[原子力産業新聞] 2008年6月5日 第2431号 <4面>

【わが国の原子力発電所運転速報】 5月の設備利用率、51%に 志賀2が間もなく営業運転再開

日本原子力産業協会の調べによると、08年5月の国内原子力発電所の稼働状況は、総発電電力量188億1399万kWh(対前年同期比17.4%減)、設備利用率51.1%と、およそ5年ぶりに利用率が5割を下回った前月から若干上向いたものの依然低い水準にある。その中で、低圧蒸気タービンの羽根損傷(06年7月)で停止していた北陸電力志賀2号機が再度、原子炉起動し、21日に定格出力に達した。
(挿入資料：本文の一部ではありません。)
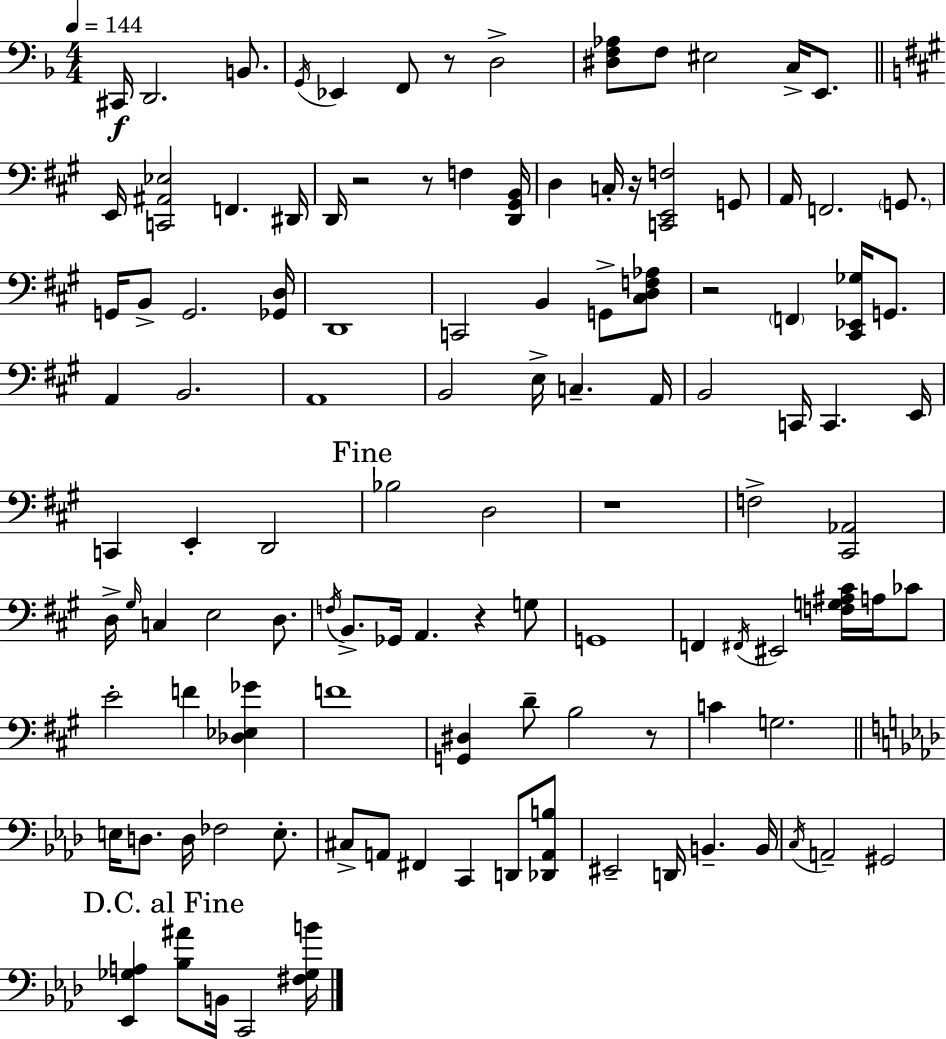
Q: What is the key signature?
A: D minor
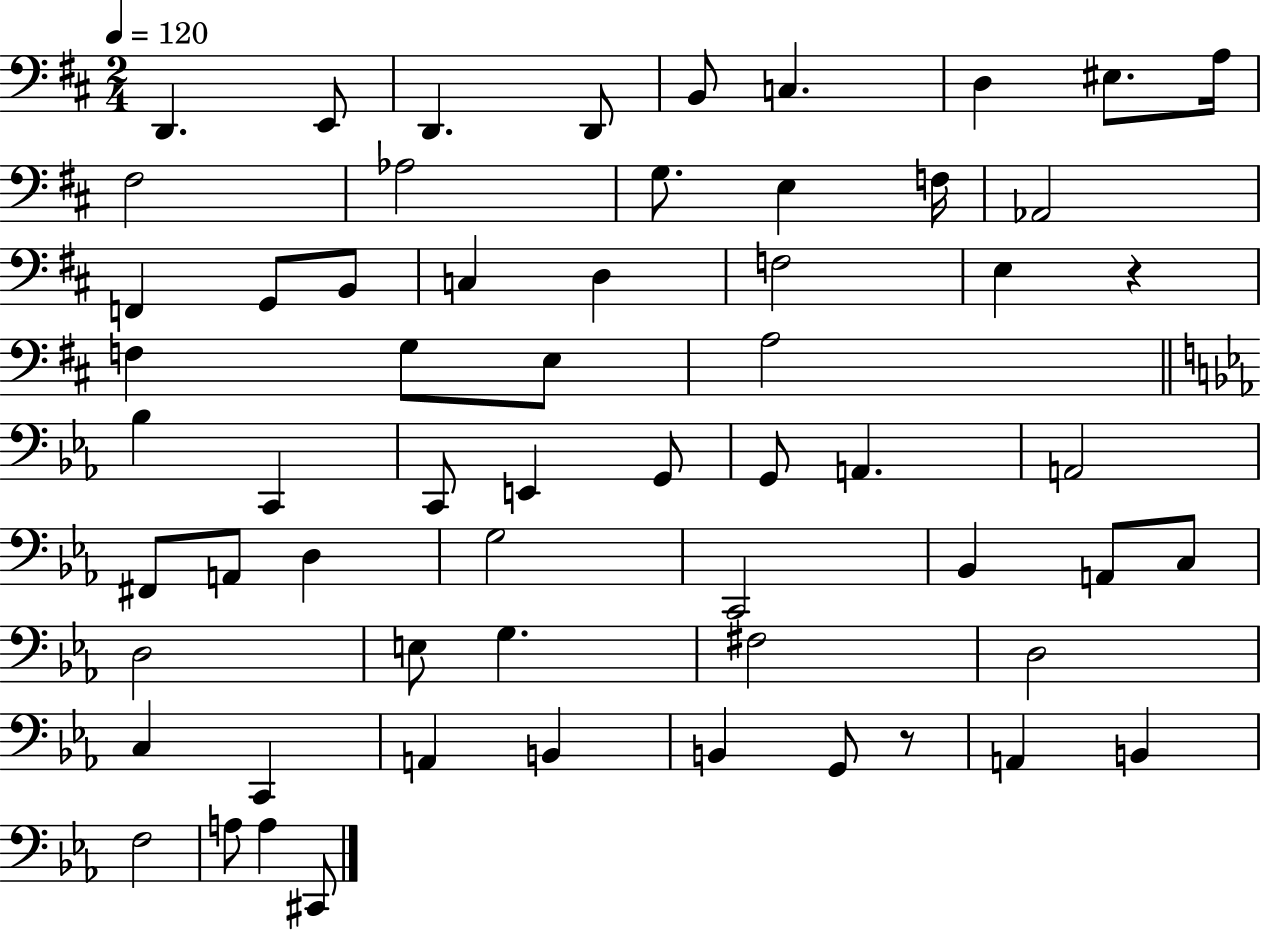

6月にも営業運転再開となる見込み。

近年、設備利用率は、PWRがBWRを上回る傾向にあって、特に昨年来、震災に伴う東京電力柏崎刈羽全号機停止等の影響で、その差が最大40ポイント位まで開くこともあったが、四国電力伊方1号機と九州電力玄海3号機の定検入りを反映し、5月は、PWR利用率が前月(65.8%)から後退して57.2%、一方で、志賀2号機再開等により、BWRが前月(38.3%)からアップして47.2%と、両者の差が10ポイントに縮まった。

設備利用率の筆頭は関西電力美浜3号機の104.9%、続いて九州電力川内1号機の104.8%で、前月から首位と第2位が入れ替わる格好になった。

因みに、昨夏以前から継続停止している発電炉(試運転を除く、11基)を除いた場合、5月の設備利用率は65.1%となり、4月の同62.5%を上回っていることからみて、夏季電力最需要期に向けた原子力発電の戦列復帰は、まずまず進みつつあるものといえそうだ。